== Task goal ==
With the pictures left aside, write out exactly the lines of the listing below from the line with "To delete a row" to the line with "This is an intracorneal", both included, and only those.

== Task data ==

^^^^^^^^

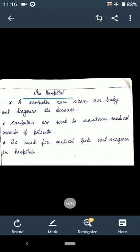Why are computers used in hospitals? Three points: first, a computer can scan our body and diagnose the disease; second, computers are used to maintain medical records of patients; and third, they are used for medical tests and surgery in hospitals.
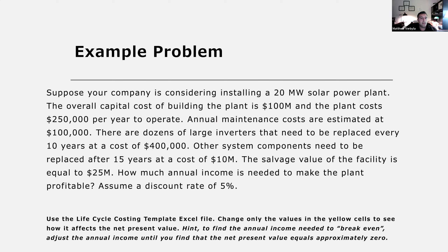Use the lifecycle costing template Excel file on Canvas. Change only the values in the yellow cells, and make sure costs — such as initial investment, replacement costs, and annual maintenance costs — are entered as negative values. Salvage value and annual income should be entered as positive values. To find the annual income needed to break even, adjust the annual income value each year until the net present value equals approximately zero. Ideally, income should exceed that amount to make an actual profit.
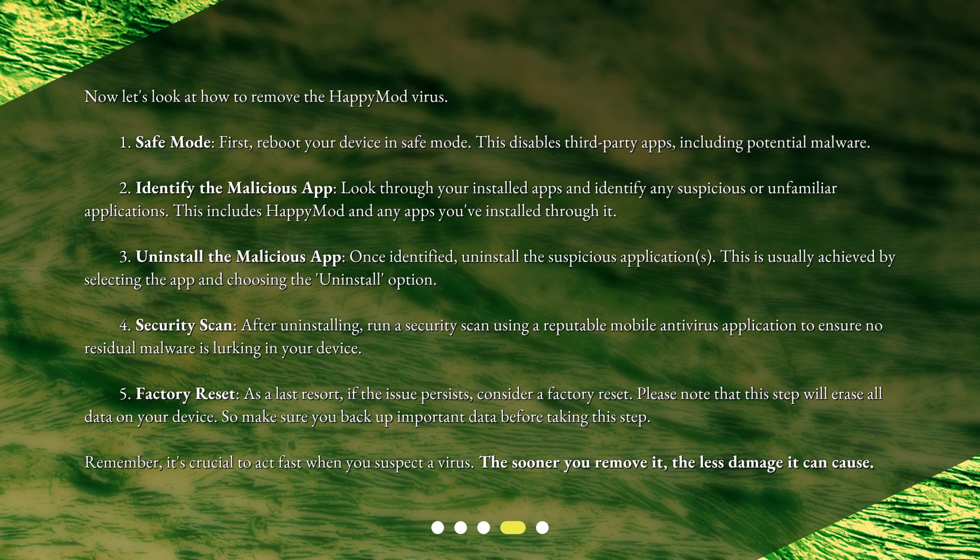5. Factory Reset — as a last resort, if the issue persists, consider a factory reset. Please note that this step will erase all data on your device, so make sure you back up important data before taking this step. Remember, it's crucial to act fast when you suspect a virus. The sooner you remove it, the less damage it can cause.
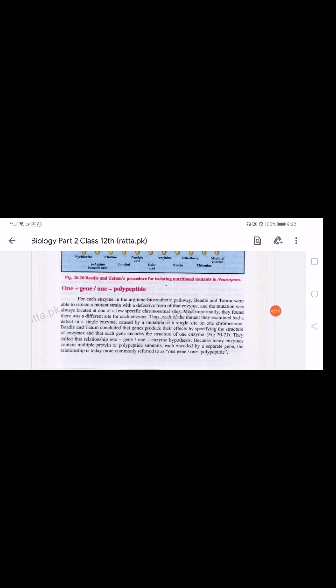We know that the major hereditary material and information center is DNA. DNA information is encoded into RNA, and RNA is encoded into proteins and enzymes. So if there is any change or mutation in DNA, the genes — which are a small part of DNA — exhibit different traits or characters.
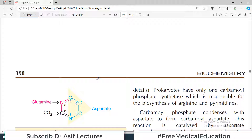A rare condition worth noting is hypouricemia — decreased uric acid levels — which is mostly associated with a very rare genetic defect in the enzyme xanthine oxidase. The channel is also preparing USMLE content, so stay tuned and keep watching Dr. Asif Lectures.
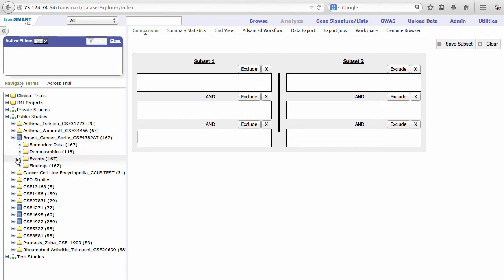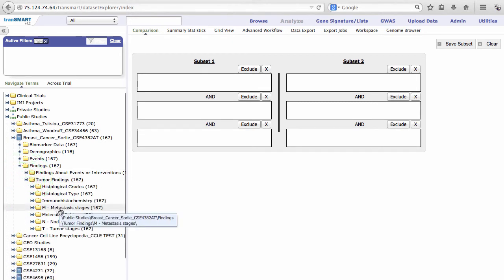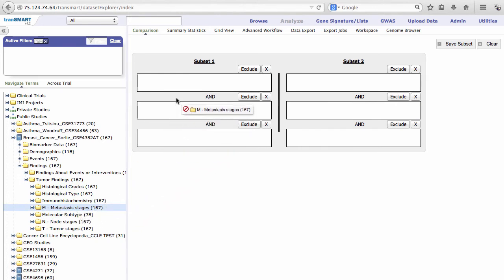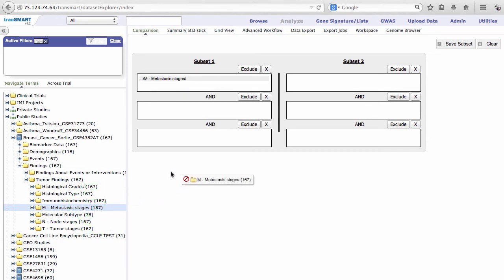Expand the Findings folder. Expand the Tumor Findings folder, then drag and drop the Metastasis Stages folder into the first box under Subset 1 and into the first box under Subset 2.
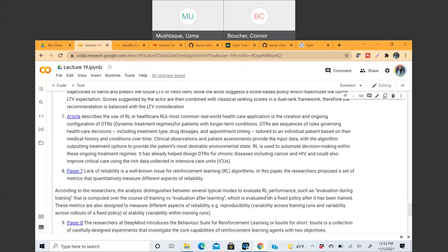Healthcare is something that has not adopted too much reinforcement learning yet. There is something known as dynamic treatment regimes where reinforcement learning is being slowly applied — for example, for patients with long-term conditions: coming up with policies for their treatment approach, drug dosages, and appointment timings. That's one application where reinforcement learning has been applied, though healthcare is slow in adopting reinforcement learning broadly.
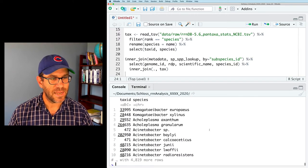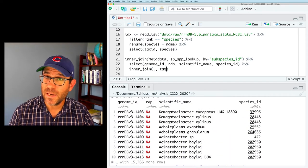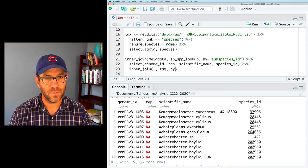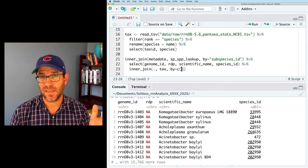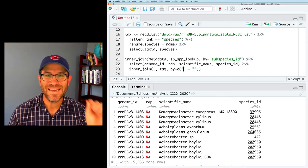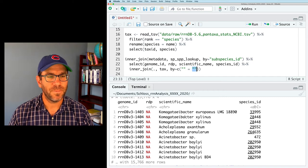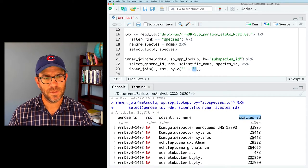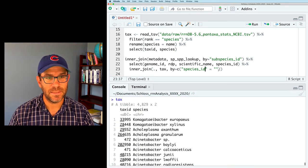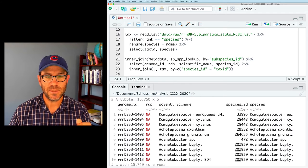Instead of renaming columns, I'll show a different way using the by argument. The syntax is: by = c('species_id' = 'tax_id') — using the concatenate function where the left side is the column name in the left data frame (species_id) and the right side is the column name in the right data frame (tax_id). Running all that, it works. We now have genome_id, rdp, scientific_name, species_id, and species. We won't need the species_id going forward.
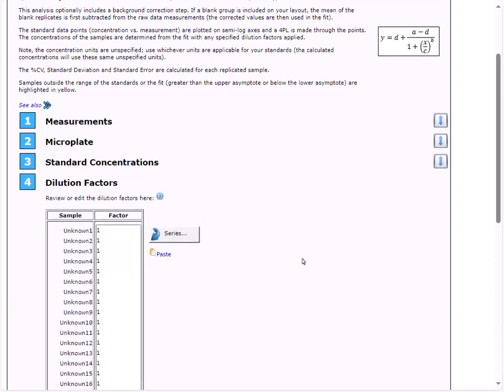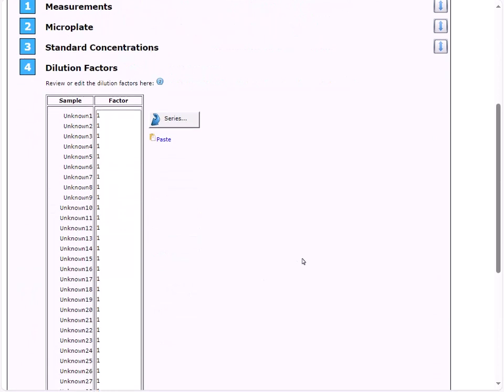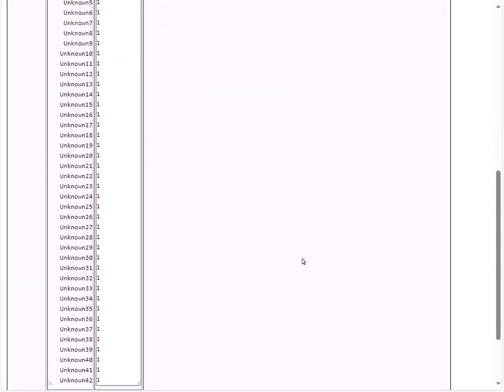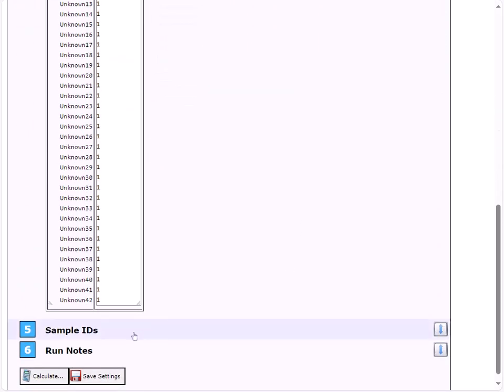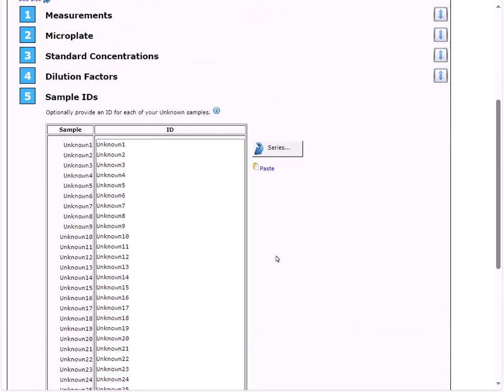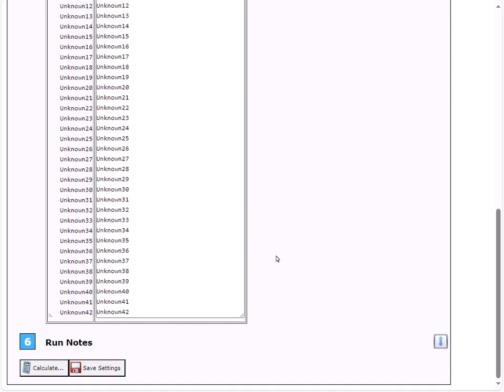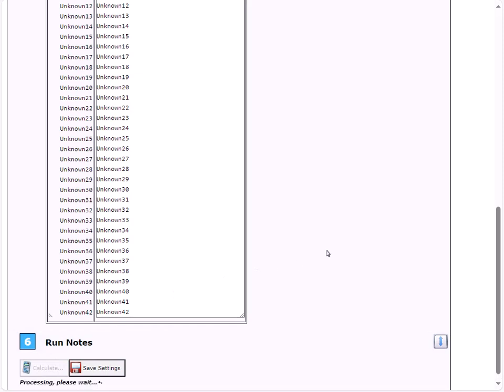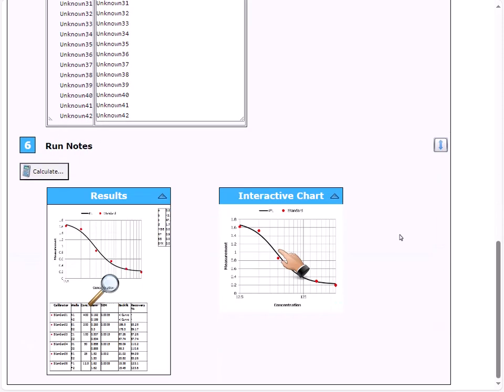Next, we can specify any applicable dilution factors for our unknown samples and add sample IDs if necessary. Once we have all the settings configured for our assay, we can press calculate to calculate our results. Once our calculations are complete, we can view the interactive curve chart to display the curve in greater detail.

^^^^^^^^

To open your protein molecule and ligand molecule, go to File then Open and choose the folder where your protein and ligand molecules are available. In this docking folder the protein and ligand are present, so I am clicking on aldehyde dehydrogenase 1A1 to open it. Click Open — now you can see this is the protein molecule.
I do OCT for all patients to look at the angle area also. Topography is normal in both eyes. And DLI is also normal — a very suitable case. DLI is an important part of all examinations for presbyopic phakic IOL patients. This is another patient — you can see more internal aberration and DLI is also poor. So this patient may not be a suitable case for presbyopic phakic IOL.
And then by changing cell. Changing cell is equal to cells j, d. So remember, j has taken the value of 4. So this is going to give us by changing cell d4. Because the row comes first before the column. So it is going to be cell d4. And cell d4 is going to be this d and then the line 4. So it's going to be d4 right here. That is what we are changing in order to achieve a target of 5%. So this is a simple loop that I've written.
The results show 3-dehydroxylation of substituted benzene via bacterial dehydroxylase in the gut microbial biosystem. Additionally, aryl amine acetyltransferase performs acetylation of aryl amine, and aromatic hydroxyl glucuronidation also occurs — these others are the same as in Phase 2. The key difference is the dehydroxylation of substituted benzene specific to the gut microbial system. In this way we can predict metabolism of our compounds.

^^^^^^^^

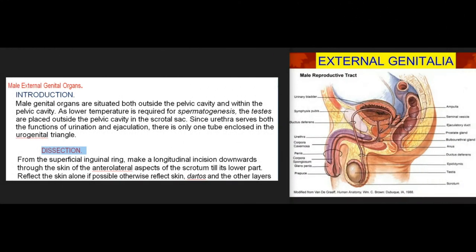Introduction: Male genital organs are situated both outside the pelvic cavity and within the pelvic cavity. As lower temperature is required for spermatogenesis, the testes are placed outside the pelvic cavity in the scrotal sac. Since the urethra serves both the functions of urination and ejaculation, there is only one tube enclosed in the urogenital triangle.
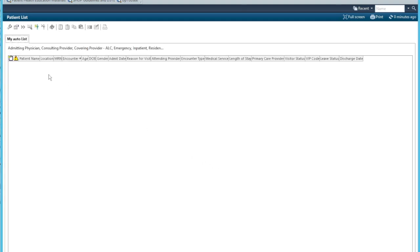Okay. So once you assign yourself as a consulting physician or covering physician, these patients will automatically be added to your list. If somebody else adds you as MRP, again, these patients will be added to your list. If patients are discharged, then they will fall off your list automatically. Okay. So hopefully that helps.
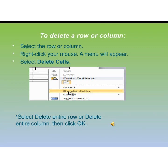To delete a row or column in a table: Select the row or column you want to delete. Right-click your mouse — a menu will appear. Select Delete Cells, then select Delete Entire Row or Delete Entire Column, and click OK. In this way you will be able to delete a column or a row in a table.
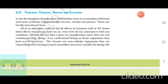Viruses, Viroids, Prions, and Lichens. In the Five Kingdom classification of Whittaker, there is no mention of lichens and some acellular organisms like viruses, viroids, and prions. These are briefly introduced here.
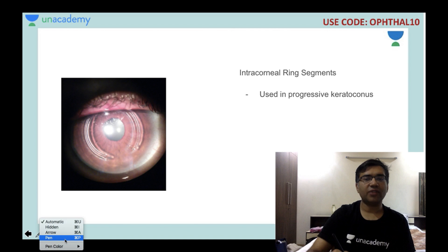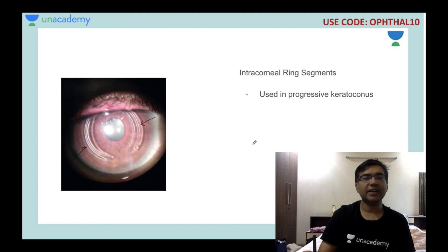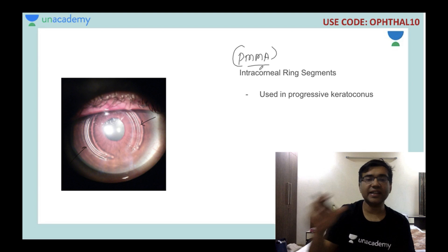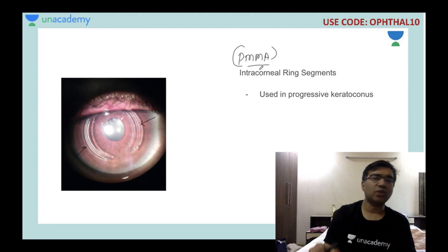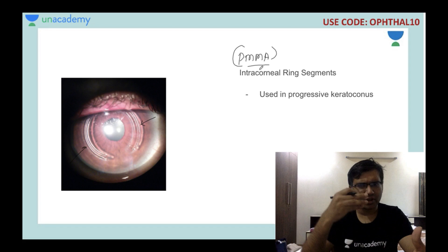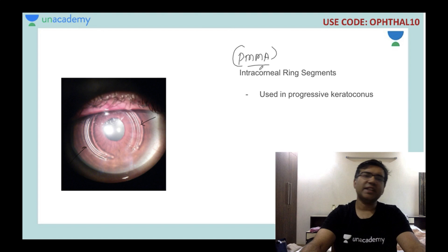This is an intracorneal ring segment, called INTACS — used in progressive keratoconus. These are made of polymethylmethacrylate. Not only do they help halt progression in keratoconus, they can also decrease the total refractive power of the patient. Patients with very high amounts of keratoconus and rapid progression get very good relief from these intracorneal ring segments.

^^^^^^^^

== Answer below ==
To delete a row or column in a table: Select the row or column you want to delete. Right-click your mouse — a menu will appear. Select Delete Cells, then select Delete Entire Row or Delete Entire Column, and click OK. In this way you will be able to delete a column or a row in a table.
Viruses, Viroids, Prions, and Lichens. In the Five Kingdom classification of Whittaker, there is no mention of lichens and some acellular organisms like viruses, viroids, and prions. These are briefly introduced here.
This is an intracorneal ring segment, called INTACS — used in progressive keratoconus. These are made of polymethylmethacrylate. Not only do they help halt progression in keratoconus, they can also decrease the total refractive power of the patient. Patients with very high amounts of keratoconus and rapid progression get very good relief from these intracorneal ring segments.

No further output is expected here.